**Work to complete:** Your task is to transcribe exactly, and only, the lines running from the one with "Engage with slots" to the end of the listing below, inclusive, with every picture left out.
· · · ·
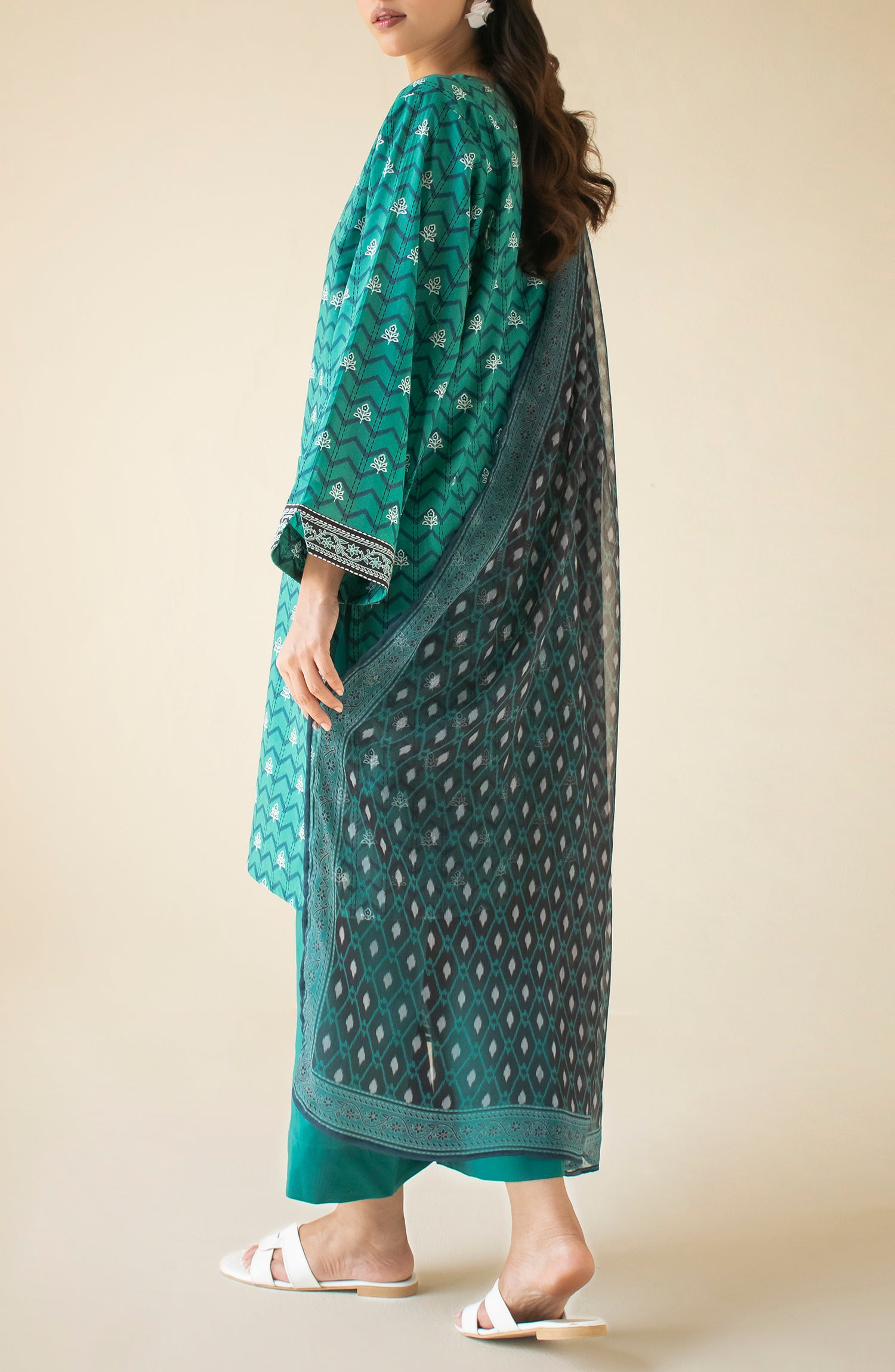 Unstitched 3 Piece Printed Cambric Shirt , Cambric Pant and Chiffon Dupatta (OTL-24-112/U TEAL)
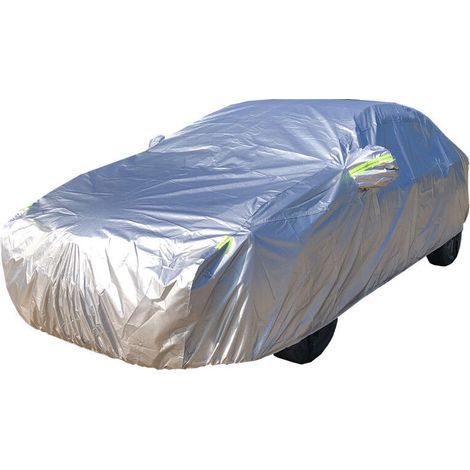 Waterproof and dustproof car cover, all-weather car cover, sun protection and heat insulation four seasons universal silver(S)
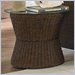 Home Styles Furniture Cabana Banana Round Drum Accent Table with Glass Top In Cocoa Finish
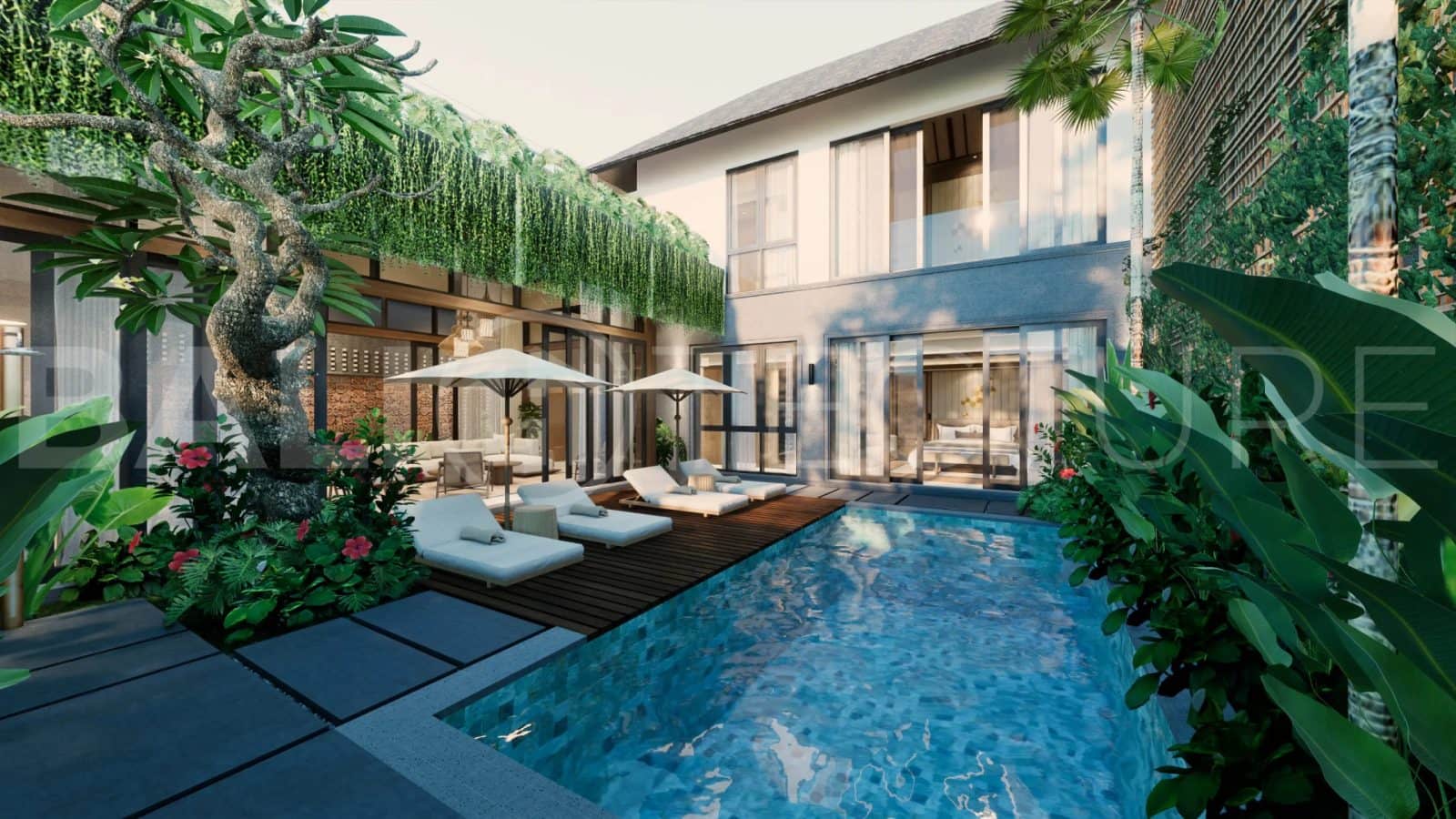 Exclusive 2BR Villa In Seminyak for Sale with Big Pool, Garden & Modern Design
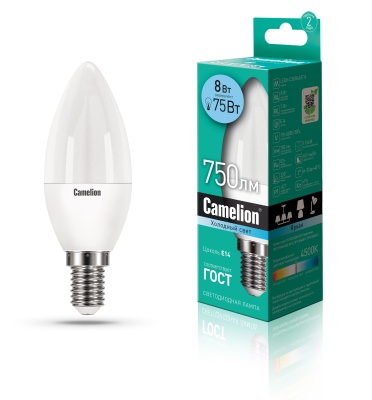 Лампа CAMELION LED8-С35/845/E14 220V 8W (1/10/100)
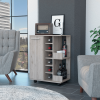Brown Rolling Bar Cart With Wine Storage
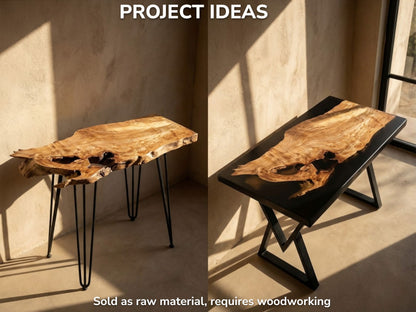 A split image shows a root wood plank as a natural table and a resin-filled table.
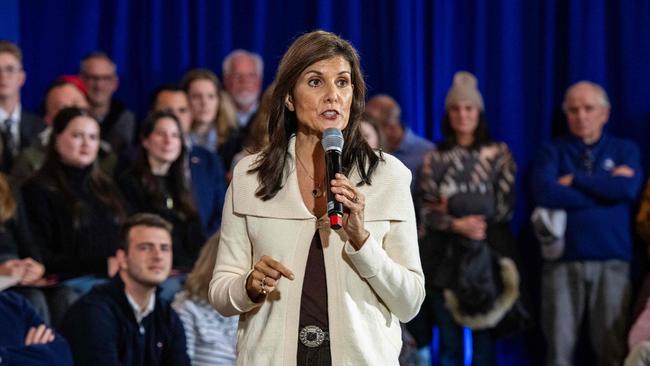 Nikki Haley speaks at a campaign town hall event in Rye, New Hampshire, this week. Picture: AFP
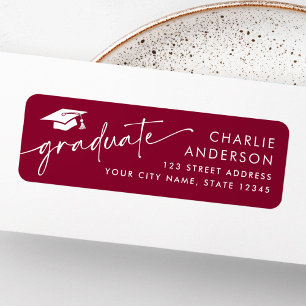 Graduate graduation cap burgundy return address label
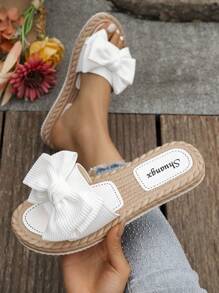 Sandales plates pour femmes, chaussures d'été confortables, sandales de plage antidérapantes pour dames, décorées d'un nœud, tissu décontracté, bride ronde. Sandales plates de printemps/été, sandales plates de printemps/automne pour dames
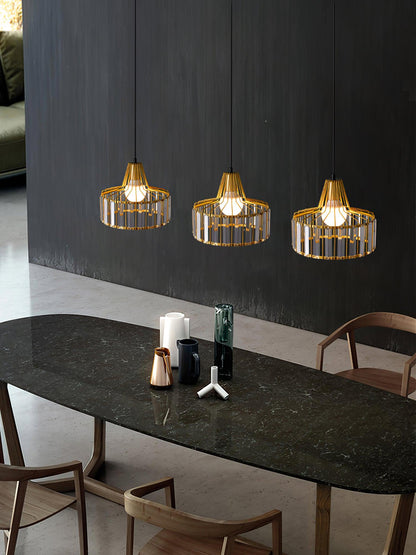 Orfina | Lampe Suspendue – Diffusion brillante abat jour cristal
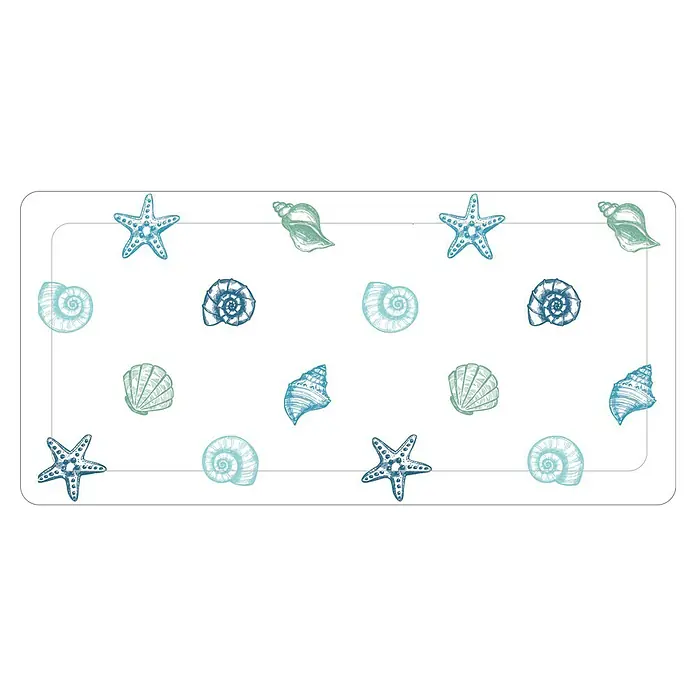 Diaqua Antirutschmatte Smoothie Mare - 35 x 71 cm, PVC, Blau/Weiß - Weiße Tischmatte mit blau-grünem Meeresfrüchtemuster. Die Tischmatte ist ein dekoratives Wohnaccessoire für den Tisch.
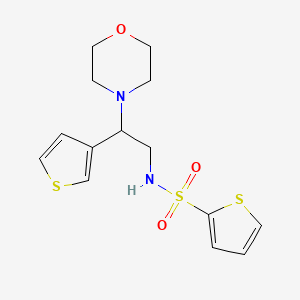 molecular formula C14H18N2O3S3 B2530306 N-(2-morpholino-2-(thiophen-3-yl)ethyl)thiophene-2-sulfonamide CAS No. 946357-07-9
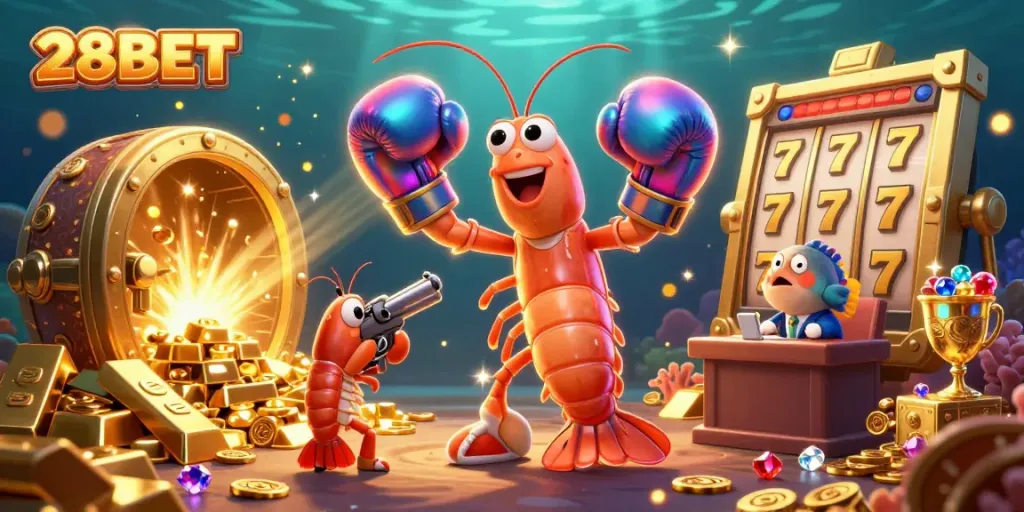 Engage with slots and jackpots featuring 28BET amid vibrant underwater characters and treasures.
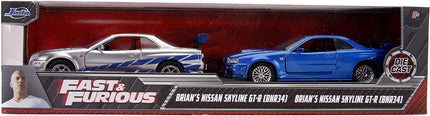 JADA TOYS Fast & Furious - Brian's Nissan Skyline GT-R R34 Silver & Blue 2-Pack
· · · ·
**The completed task:**
 Engage with slots and jackpots featuring 28BET amid vibrant underwater characters and treasures.
 JADA TOYS Fast & Furious - Brian's Nissan Skyline GT-R R34 Silver & Blue 2-Pack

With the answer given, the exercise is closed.